[Entries shown]

'''

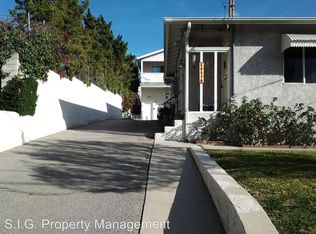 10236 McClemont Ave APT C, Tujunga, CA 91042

'''
'''

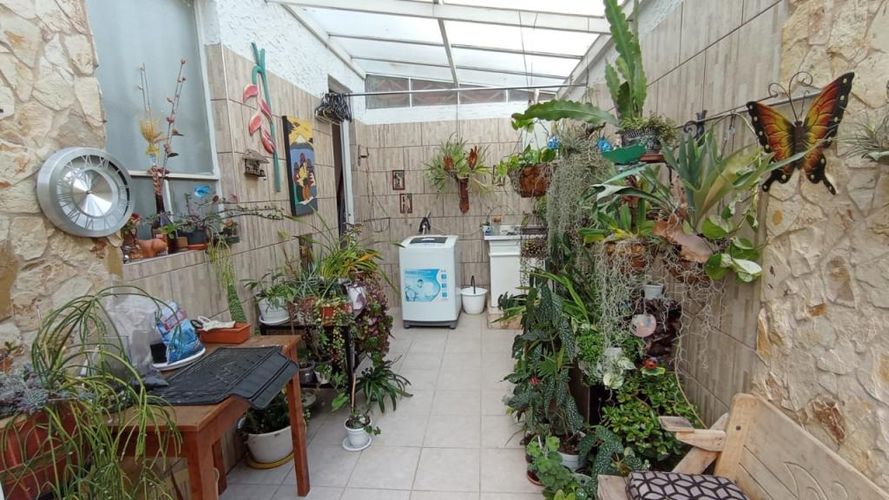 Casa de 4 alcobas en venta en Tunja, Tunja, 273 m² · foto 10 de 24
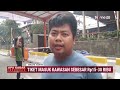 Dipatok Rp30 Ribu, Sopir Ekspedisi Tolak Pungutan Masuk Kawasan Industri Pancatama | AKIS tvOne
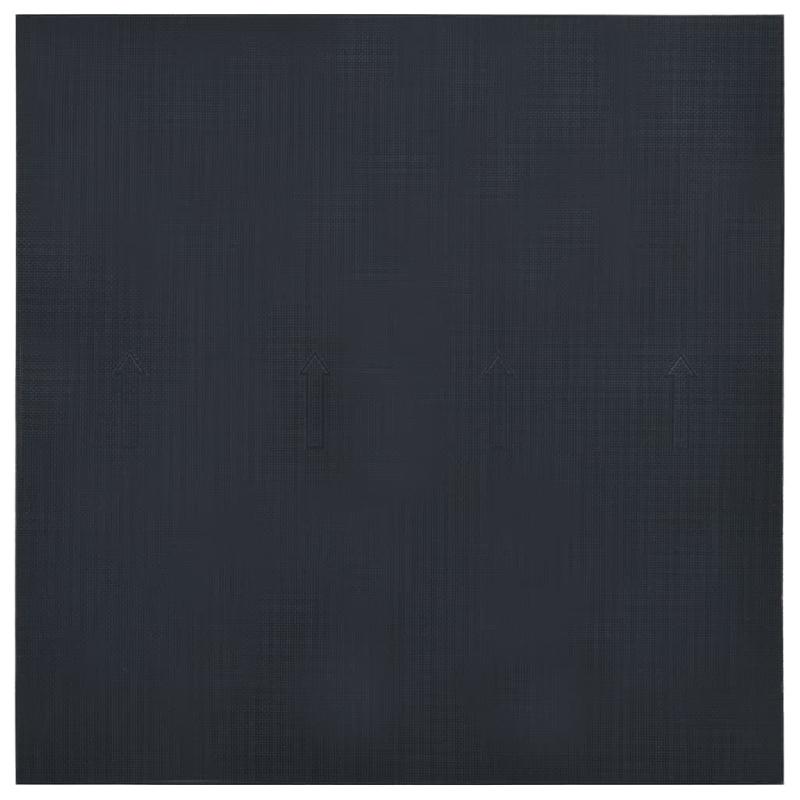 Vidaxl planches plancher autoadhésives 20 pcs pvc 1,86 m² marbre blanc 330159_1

'''
'''

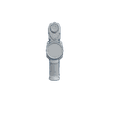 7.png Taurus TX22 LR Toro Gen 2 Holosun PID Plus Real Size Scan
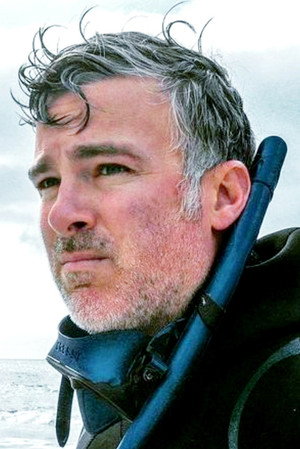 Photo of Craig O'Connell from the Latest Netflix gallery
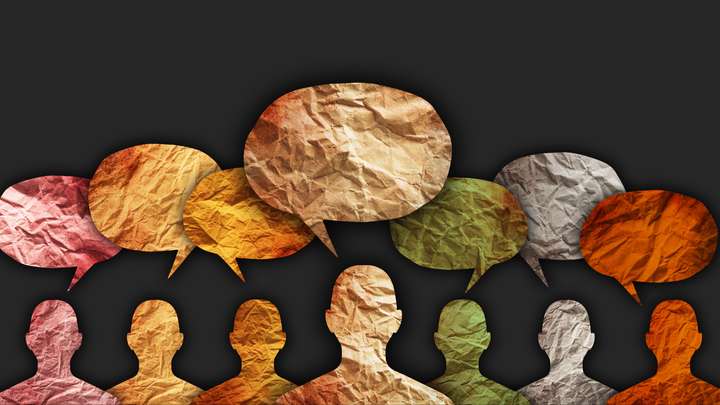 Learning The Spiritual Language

'''

Both boundary lines included, write out word for word only the lines above from the one containing "7.png Taurus TX22" to the one containing "Learning The Spiritual Language", leaving out any pictures.

[Task output]
 7.png Taurus TX22 LR Toro Gen 2 Holosun PID Plus Real Size Scan
 Photo of Craig O'Connell from the Latest Netflix gallery
 Learning The Spiritual Language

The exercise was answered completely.